WHAT TO WORK ON -> Without the pictures, output the records below exactly as they are.

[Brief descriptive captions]
########################################
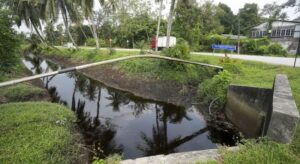 Pengusaha pusat peranginan rugi, tiada pelancong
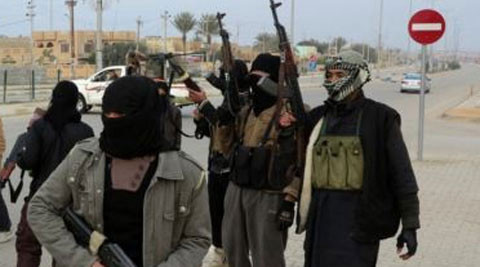 Nong: Phien quan IS chi con 34 can cu o Syria va Iraq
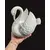 Foto de um(a) Cisne Cachepô em Porcelana, da categoria de Cachepot. Cisne em Porcelana branca, peça fantástica e em perfeito estado, esmaltação impecável, pode ser usado como centro de mesa,... Mostrado de uma perspectiva diferente. Vendido no marketplace Trésors.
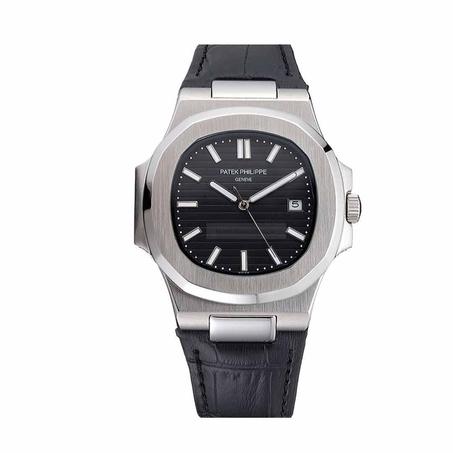 Patek philippe  bracelet en cuir
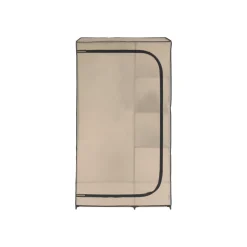 LIVARNO home Kleiderschrank Textil (Beige) - B-Ware sehr gut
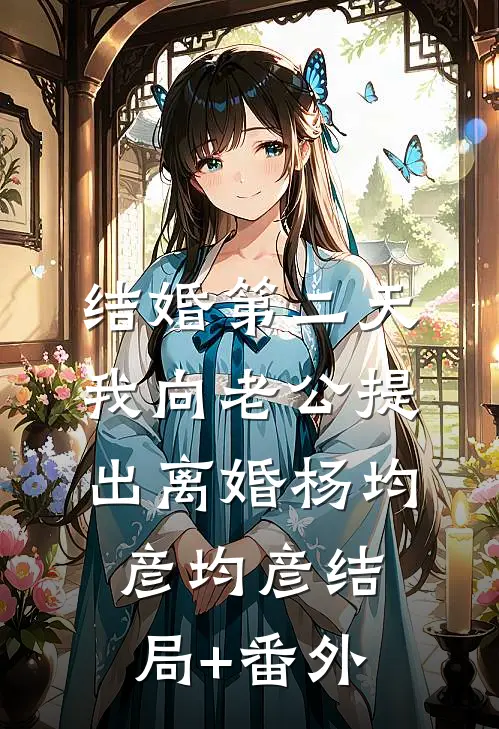 结婚第二天，我向老公提出离婚杨均彦均彦结局+番外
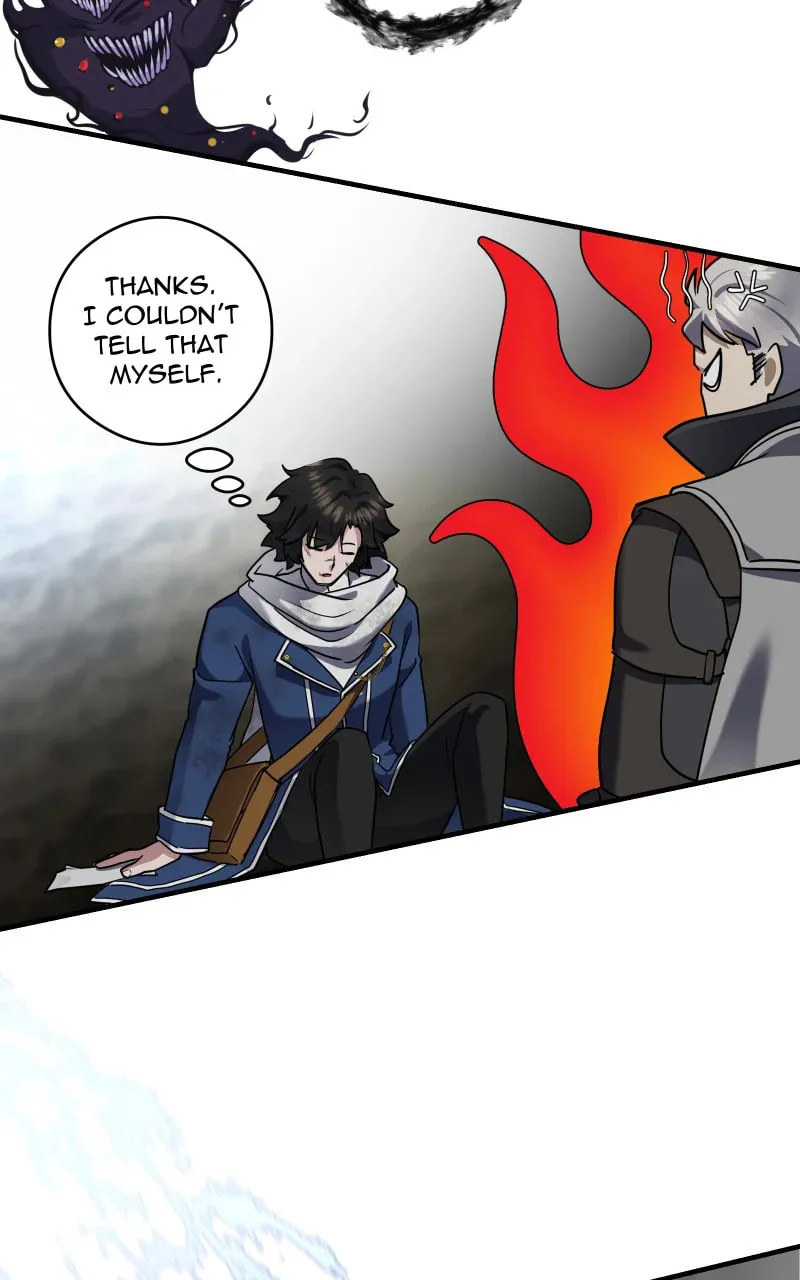 My Best Friend is an Eldritch Horror Chapter 22 page 56 - 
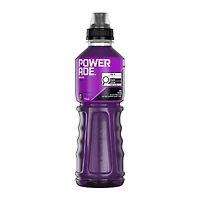 Powerade Raisin Bouteille, 710 mL 710 ml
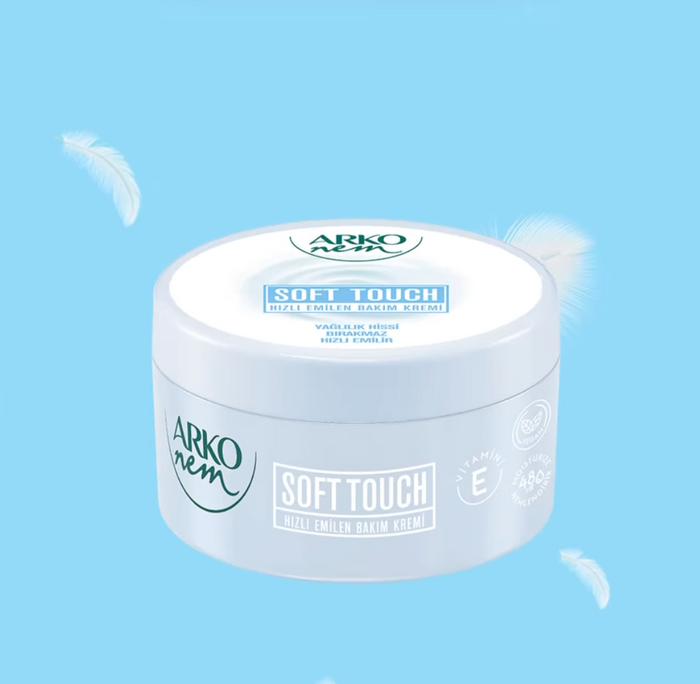 Arko Nem Soft Touch Cream 250 ml
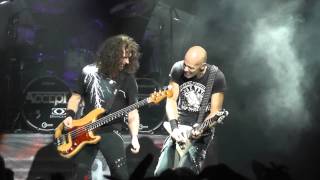 Accept - Bulletproof - Live @ Athens 18/10/2012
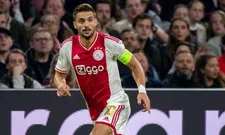 Thumbnail for article: Tadic ziet zwakte van Ajax: 'Is een nieuw team, we zoeken naar de juiste formule' 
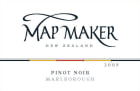 Staete Landt Map Maker Pinot Noir 2009 Front Label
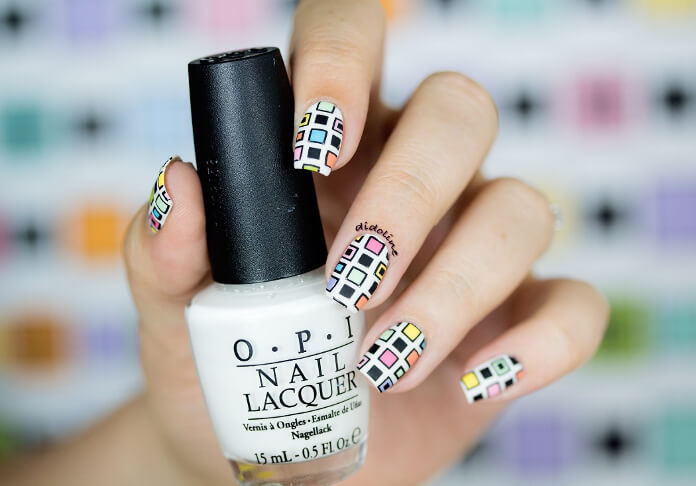30 Playful And Beautiful Nail Art Designs For Spring - BelleT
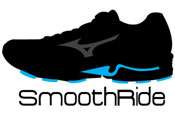 smoothride engineering reduces rapid acceleration and deceleration of 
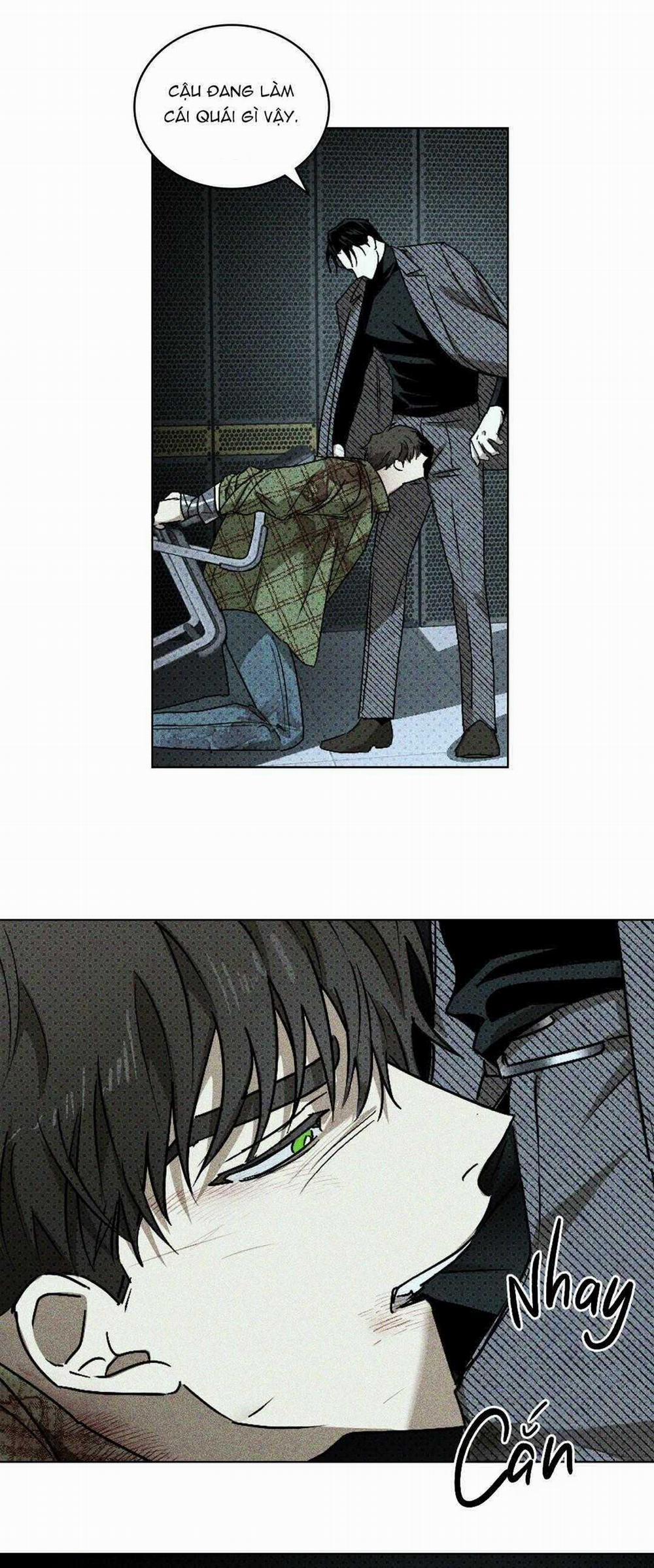 Dưới Ánh Đèn Xanh Ss2 5 trang 25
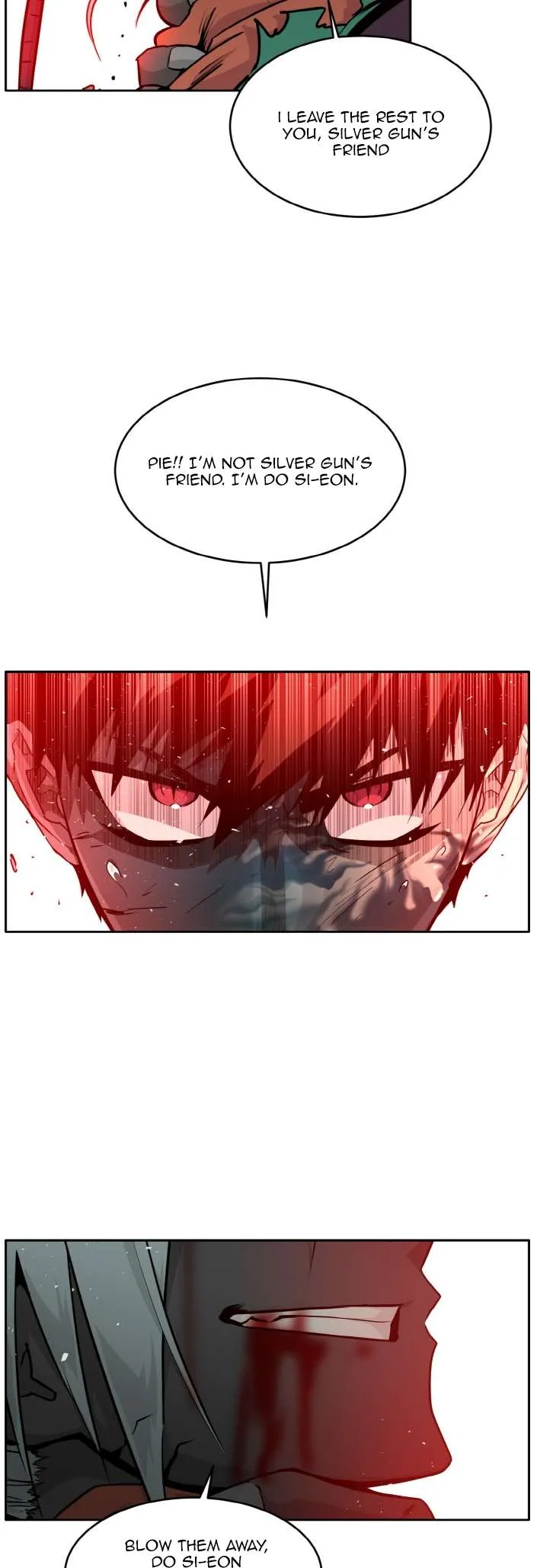 Counter Cube Chapter 72 Online - página 57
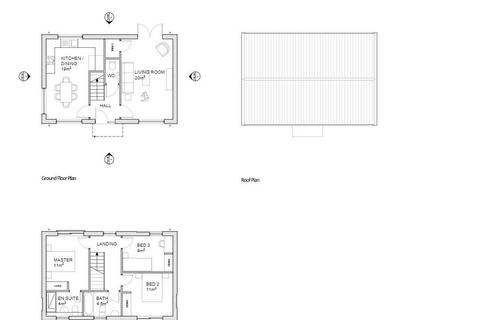 3 bedroom property with land for sale, The Street, Caston, Attleborough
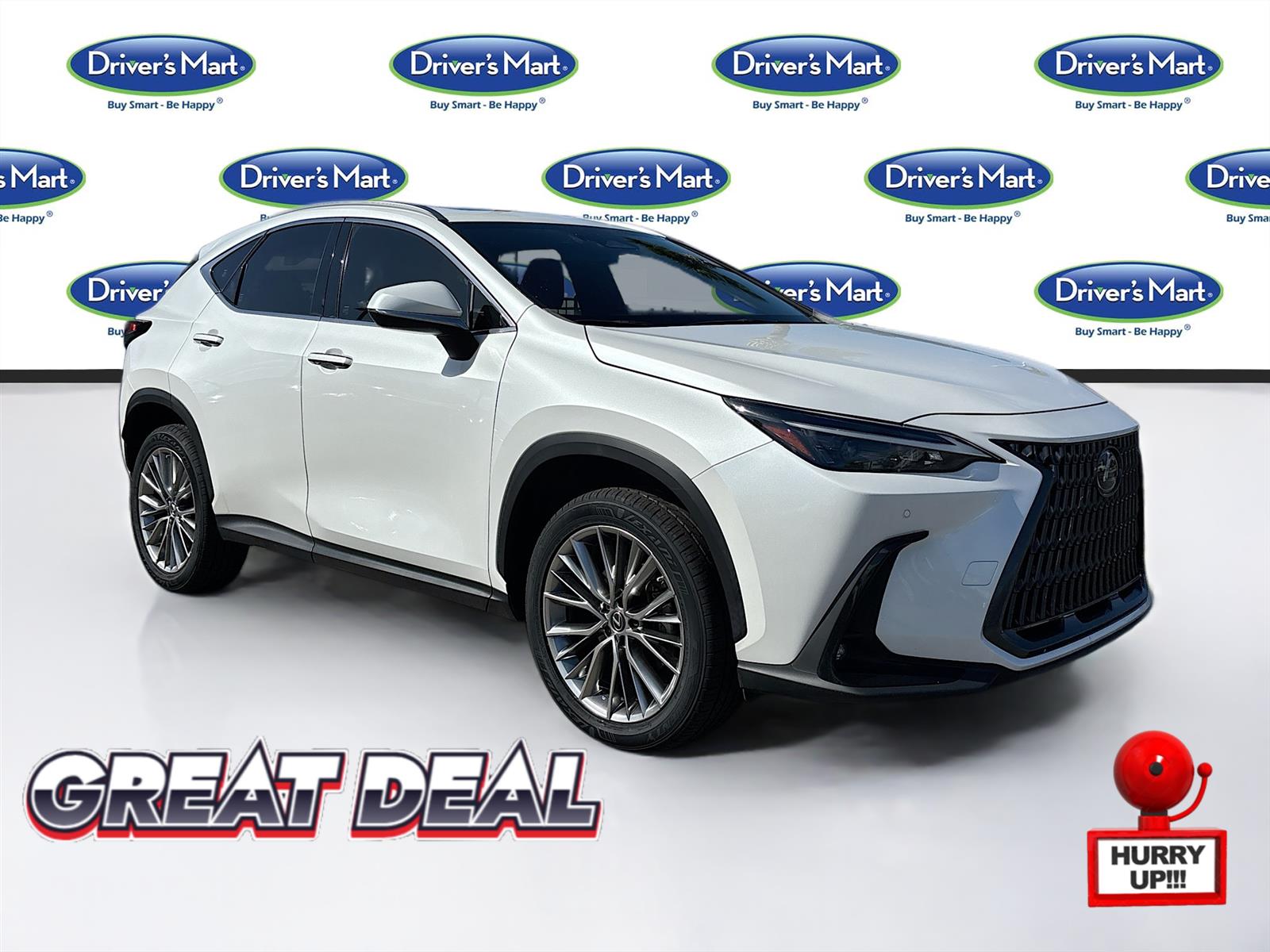 2022 Lexus NX NX 350h Premium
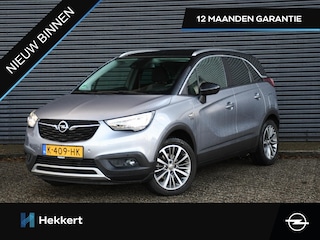 Opel Crossland X Edition 2020 1.2 Turbo 110pk CRUISE | CLIMA | DAB | APPLE CARPLAY | CAMERA | 17''LM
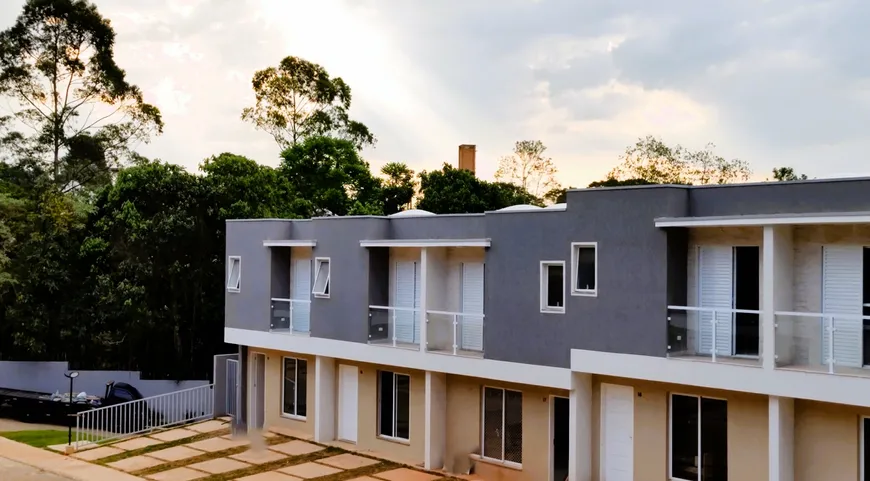 Foto 1 de Casa de Condomínio com 3 Quartos à venda, 100m² em Chácara Ondas Verdes, Cotia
########################################
RESULT ->
 Pengusaha pusat peranginan rugi, tiada pelancong
 Nong: Phien quan IS chi con 34 can cu o Syria va Iraq
 Foto de um(a) Cisne Cachepô em Porcelana, da categoria de Cachepot. Cisne em Porcelana branca, peça fantástica e em perfeito estado, esmaltação impecável, pode ser usado como centro de mesa,... Mostrado de uma perspectiva diferente. Vendido no marketplace Trésors.
 Patek philippe  bracelet en cuir
 LIVARNO home Kleiderschrank Textil (Beige) - B-Ware sehr gut
 结婚第二天，我向老公提出离婚杨均彦均彦结局+番外
 My Best Friend is an Eldritch Horror Chapter 22 page 56 - 
 Powerade Raisin Bouteille, 710 mL 710 ml
 Arko Nem Soft Touch Cream 250 ml
 Accept - Bulletproof - Live @ Athens 18/10/2012
 Thumbnail for article: Tadic ziet zwakte van Ajax: 'Is een nieuw team, we zoeken naar de juiste formule' 
 Staete Landt Map Maker Pinot Noir 2009 Front Label
30 Playful And Beautiful Nail Art Designs For Spring - BelleT
 smoothride engineering reduces rapid acceleration and deceleration of 
 Dưới Ánh Đèn Xanh Ss2 5 trang 25
 Counter Cube Chapter 72 Online - página 57
 3 bedroom property with land for sale, The Street, Caston, Attleborough
 2022 Lexus NX NX 350h Premium
 Opel Crossland X Edition 2020 1.2 Turbo 110pk CRUISE | CLIMA | DAB | APPLE CARPLAY | CAMERA | 17''LM
 Foto 1 de Casa de Condomínio com 3 Quartos à venda, 100m² em Chácara Ondas Verdes, Cotia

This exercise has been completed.